Barefoot and Lucky in Hells Canyon

  One of my most memorable vacations was a raft trip on the Middle Fork of the Salmon River. It gave me an appreciation for the beauty and power of river rapids.

  The Middle Fork’s rapids pale, however, in comparison with those of the Snake River before it was dammed in the late 1950s and 1960s. The late river-running guide Georgie White Clark, the first woman to run commercial rafts through the Grand Canyon, called it “the only major whitewater river in the Northwest.”

  Boisean Cort Conley, who has worked as a river guide throughout the West, agrees:

  “Before the dams, the Snake in Hells Canyon was one of the Northwest’s most spectacular stretches of whitewater. It had incredible beaches and huge rapids, some of the best river running stretches in the West.”

  A writer and publisher as well as a river guide, Conley recently received a manuscript for a book about a raft trip through Hells Canyon just before it was dammed. It had been rejected by other publishers, but Conley found the story irresistible and published it. The result is “Barefoot in Hells Canyon,” by Bryan Gould.

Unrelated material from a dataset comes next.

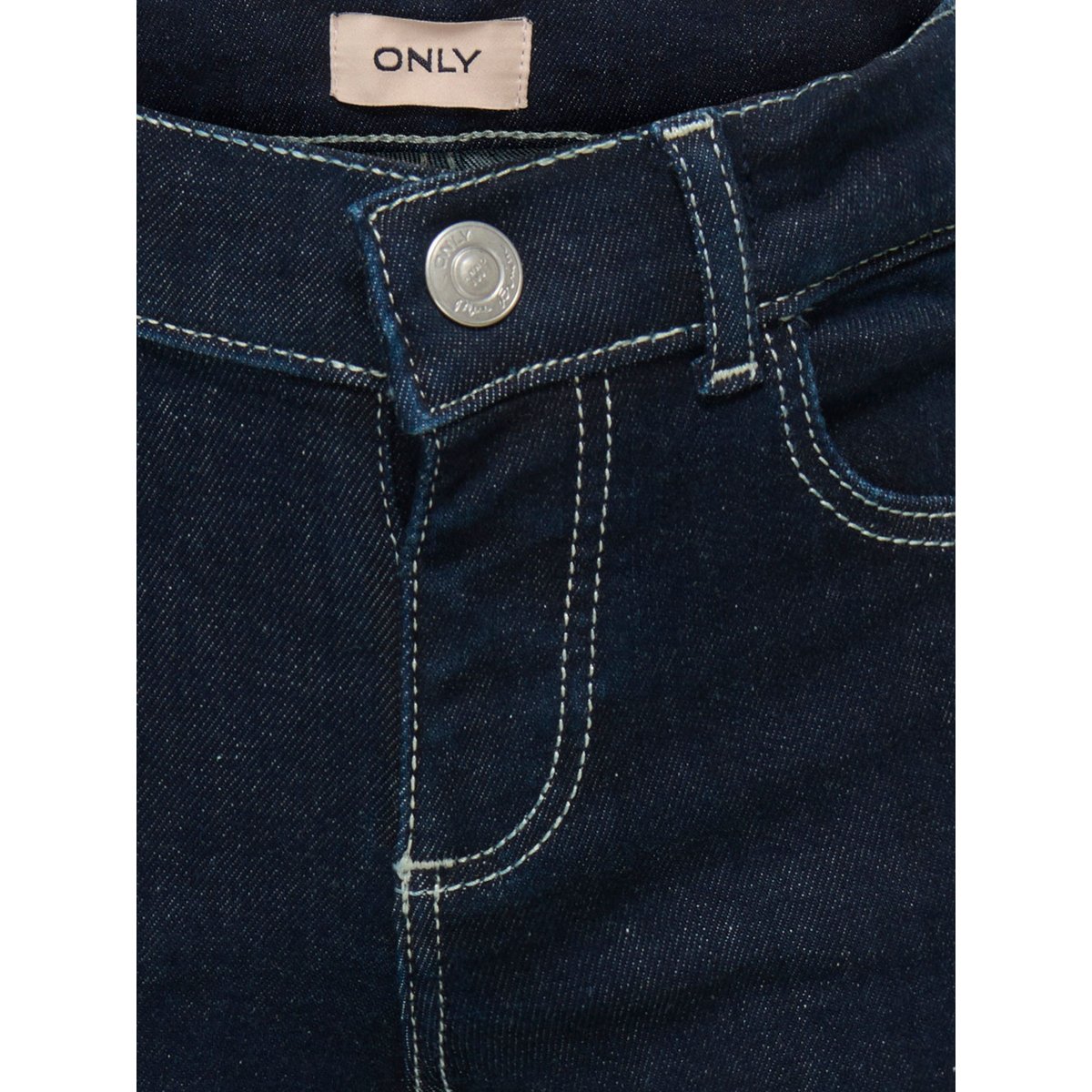 Jean Flared dark blue denim, KIDS ONLY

  I’m not a river runner or a book reviewer. But, like Conley, I found Gould’s tale of derring-do on a legendary stretch of Idaho whitewater that no longer exists too compelling not to write about it.

  “Barefoot in Hells Canyon” is the story of two teenagers, Gould and his friend Glen Burns, and their unlikely trip through Hells Canyon in 1958. Unlikely because they had never run a whitewater river before. Unlikely because there are bathtubs bigger than their raft was. Unlikely because they didn’t live in Idaho, or anywhere within hundred of miles of Hells Canyon. They were from San Francisco.

  “We just wanted to run the wildest river we could,” Gould said in a phone interview. “A lot of people told us we were crazy, and they were probably right. But you know, we were 19. We’d live forever.”

  Burns, sadly, died last year without ever seeing the book. Now 83, Gould looks back on their trip as one of the great adventures of his life, and the bedrock of a lifelong bond with his late friend.

   The adventure began not on a raft, but in a railroad yard in Oakland, Calif. The boys didn’t drive to Hells Canyon; they hopped freights, hobo-style, and hitchhiked. But for a sure-handed fellow “passenger” who caught him, Burns would have been killed when he fell asleep and nearly fell off of a tanker car.

  Riding the rails was tame, however, compared with rafting the Snake pre-dams. Veteran river runner Blaine Stubblefield warned the boys that the river through the canyon was “deceptively calm, punctuated by steep drops and half-mile rollercoasters over boulders and whitewater runouts.”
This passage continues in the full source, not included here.